Start of Given data
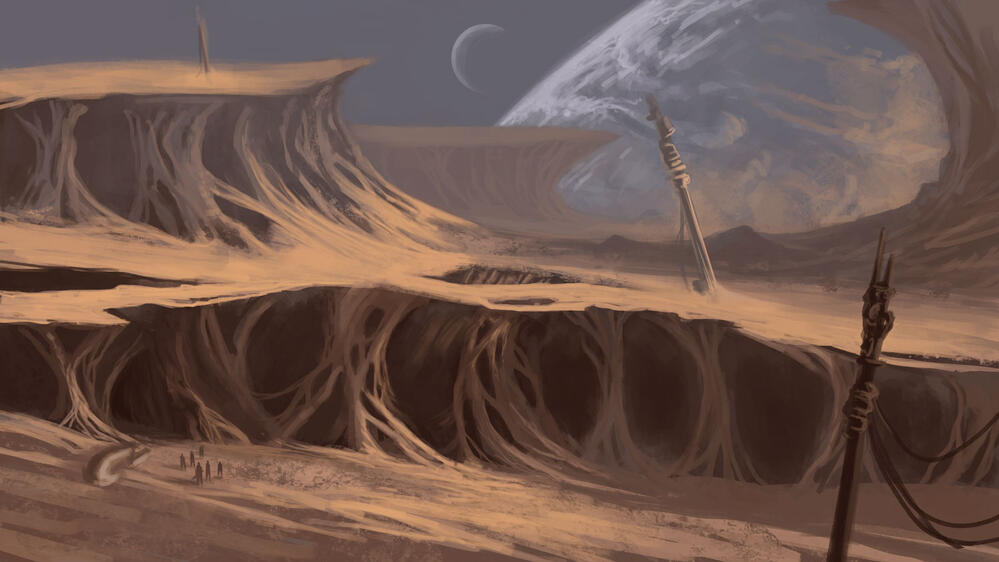 V- V-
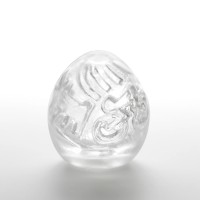 Tenga Egg Street maszturbátor (7,5 cm)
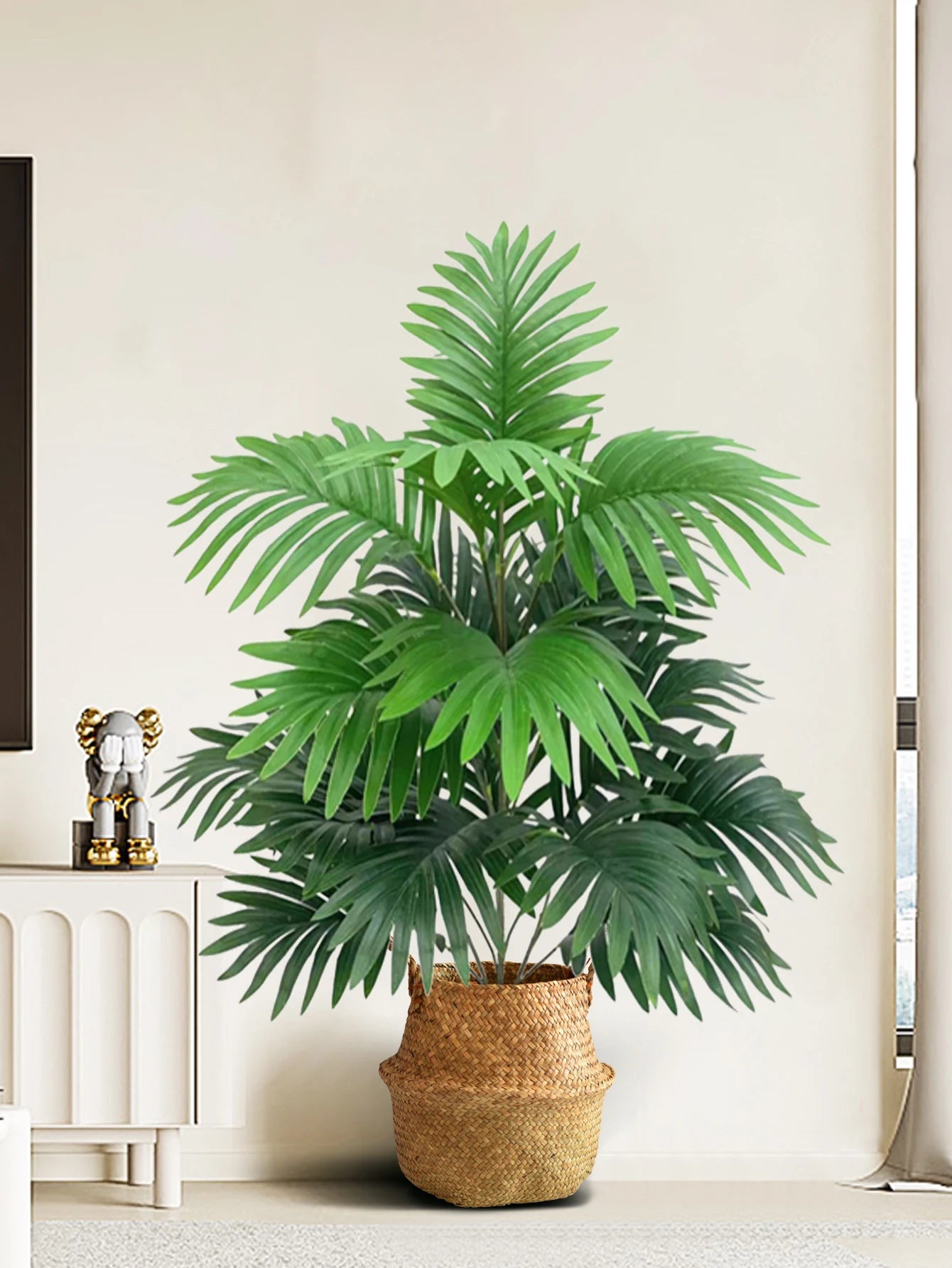 Artificial Tropical Palm Tree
End of Given data
Your assignment: Every line of the material must be repeated exactly; pictures stay out.

Output of the task:
 V- V-
 Tenga Egg Street maszturbátor (7,5 cm)
 Artificial Tropical Palm Tree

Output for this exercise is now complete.